Que peut la poésie face à cette modernité définie par Octavio Paz en termes d’« ère de scission » et par Georges Steiner en termes de « rupture de l’alliance entre le mot et le monde »? À l’heure du néolibéralisme, quelles stratégies la poésie a-t-elle élaboré pour résister à la loi du marché, aux manoeuvres belliqueuses et à l’idéal transhumaniste ? La poésie peut-elle assumer une fonction salvatrice? Le tout-technologique n’a-t-il pas nivelé les sentiments et les pensées et remplacé le sensible par le virtuel ? Y a-t-il urgence à resocialiser la poésie pour une génération qui la déserte ?
L’homme, dans le palimpseste de la mémoire
Si pour Adorno, la poésie est impossible, il semble plutôt que ce soit dans cette impossibilité même que la poésie moderne prenne tout son sens. Pour Yves Bonnefoy, « le sentiment poétique seul peut préserver de la barbarie les sociétés en désordre de la désastreuse époque présente ». Le poète cherche des points d’ancrage, des référents sur la base desquels l’homme moderne, par- delà les drames et les ruptures et même parfois à la faveur des crises les plus éprouvantes, pourrait réenchanter lyriquement le monde, il trouve la formule d’une réplique efficace en refusant d’adhérer à l’esprit des chapelles, aux grands récits de la bien-pensance et aux mythes de la globalité et du tout-logocentrique en tentant la formule de sa minuscule alternative à la massive mercantilisation du sens qui caractérise ce que Bernard Noël appelle « le monde du décervelage ».
La poésie est le seul lieu d’honneur de la résilience utopique de l’homme contre sa propre disparition. Malgré son audience limitée et sa facture tragique, la poésie est génératrice d’exaltation, de vitalité et d’espérance. Elle est aussi le vecteur d’un langage autre, d’un imaginaire de la présence et de formes de temporalités non violentes.C’est la nouvelle mission de la poésie que de réintégrer l’homme moderne au fond archéologique de son propre paysage intérieur et de lui réapprendre un langage qu’il a oublié, mais qui n’a pas disparu pour autant du palimpseste de la mémoire. Cette réhabilitation des droits de l’esprit, loin d’être régressive, peut, au contraire, recomposer l’intégralité psychique de l’homme moderne.

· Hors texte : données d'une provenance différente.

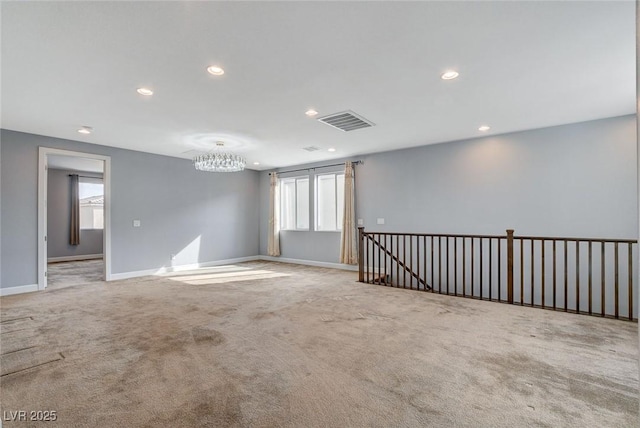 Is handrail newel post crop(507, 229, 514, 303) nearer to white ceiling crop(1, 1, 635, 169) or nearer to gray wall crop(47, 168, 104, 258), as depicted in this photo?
white ceiling crop(1, 1, 635, 169)

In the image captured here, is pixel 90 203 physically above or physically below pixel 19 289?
above

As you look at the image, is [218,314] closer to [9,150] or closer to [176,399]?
[176,399]

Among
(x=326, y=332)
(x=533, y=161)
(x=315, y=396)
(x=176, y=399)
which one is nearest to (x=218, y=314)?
(x=326, y=332)

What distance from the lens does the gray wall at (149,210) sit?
4.72m

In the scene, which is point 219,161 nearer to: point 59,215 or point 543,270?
point 543,270

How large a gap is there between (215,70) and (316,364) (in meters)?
2.89

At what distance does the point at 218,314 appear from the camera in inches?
143

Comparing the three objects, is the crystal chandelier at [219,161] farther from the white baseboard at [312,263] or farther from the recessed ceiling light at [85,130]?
the white baseboard at [312,263]

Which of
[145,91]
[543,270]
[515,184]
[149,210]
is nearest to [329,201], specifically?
[515,184]

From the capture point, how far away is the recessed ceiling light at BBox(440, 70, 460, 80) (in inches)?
114

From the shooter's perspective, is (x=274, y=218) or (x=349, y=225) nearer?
(x=349, y=225)

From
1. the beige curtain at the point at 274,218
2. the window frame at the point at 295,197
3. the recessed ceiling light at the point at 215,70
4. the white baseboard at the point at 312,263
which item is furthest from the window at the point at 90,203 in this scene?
the recessed ceiling light at the point at 215,70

Le réenchantement de l’âme ne peut donc s’effectuer que par la médiation vitale du poète, figure du monde appelée à plus d’exigence et à moins de conformisme, c’est-à-dire à être plus proche de l’inconscient que de la proposition collective et des structures d’une idéalité jugée répressive et dépensée dans l’inessentiel. Le poète moderne n’est plus en droit de tourner le dos à ce monde-ci. Il doit rendre plus sensible ce qui est.